SOURCE MATERIAL>
•••

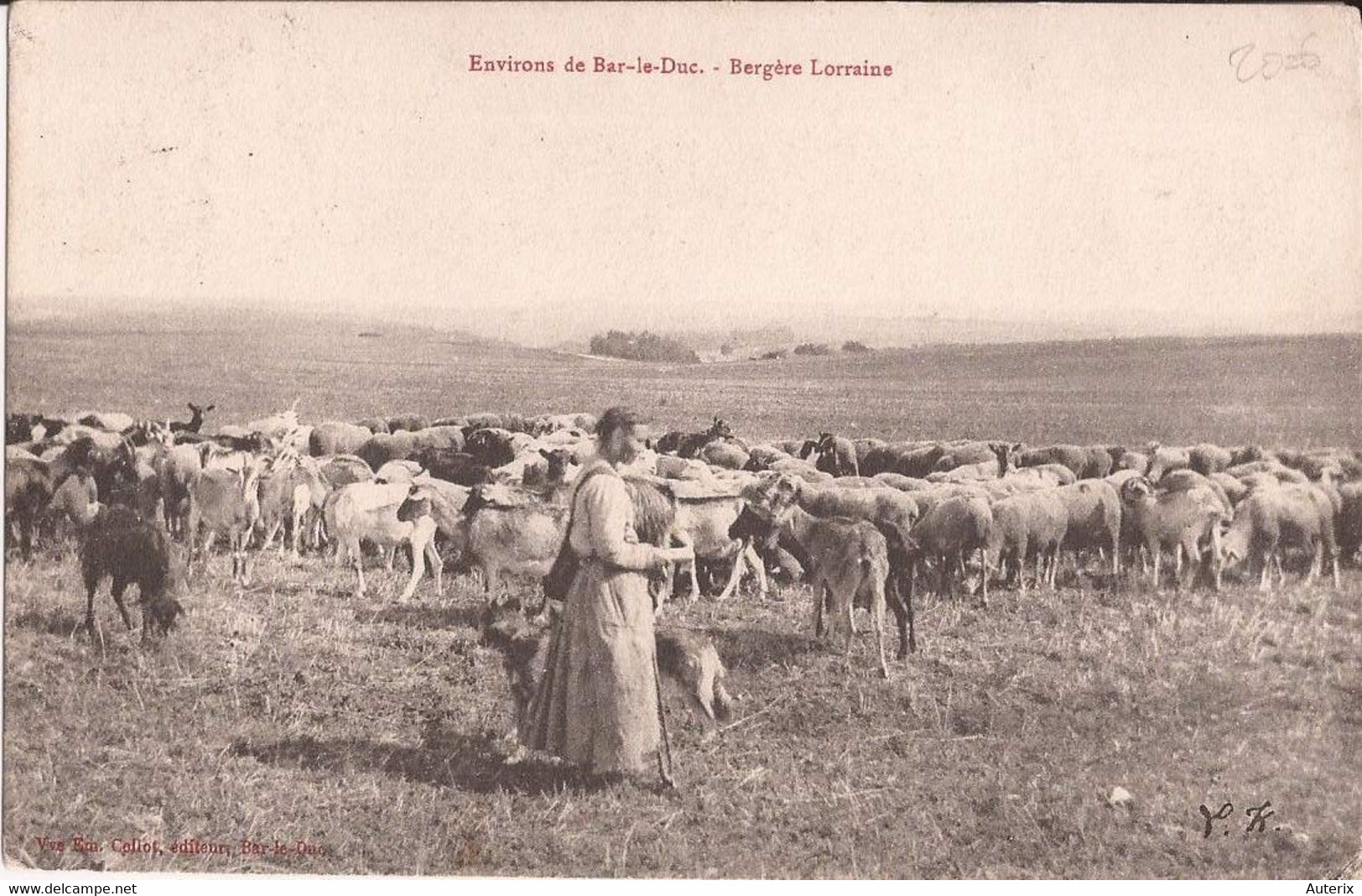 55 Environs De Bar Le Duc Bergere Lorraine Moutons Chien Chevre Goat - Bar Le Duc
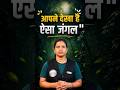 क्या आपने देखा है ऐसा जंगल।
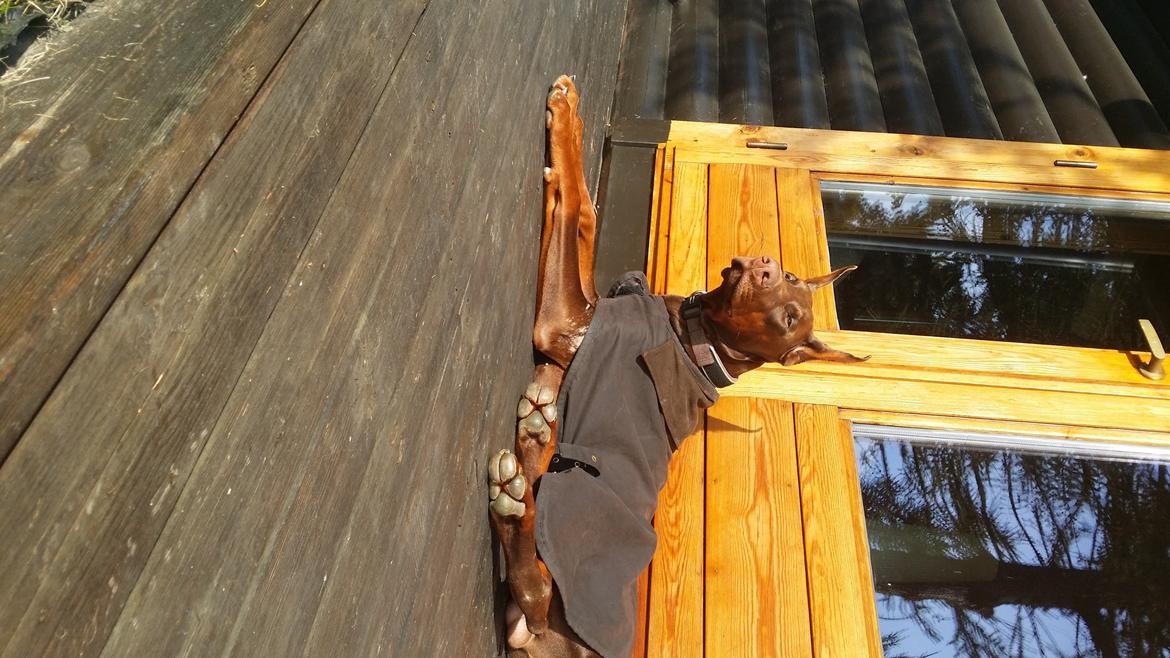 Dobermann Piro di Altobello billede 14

•••

Word for word, restate all of the material, omitting the images.

 55 Environs De Bar Le Duc Bergere Lorraine Moutons Chien Chevre Goat - Bar Le Duc
 क्या आपने देखा है ऐसा जंगल।
 Dobermann Piro di Altobello billede 14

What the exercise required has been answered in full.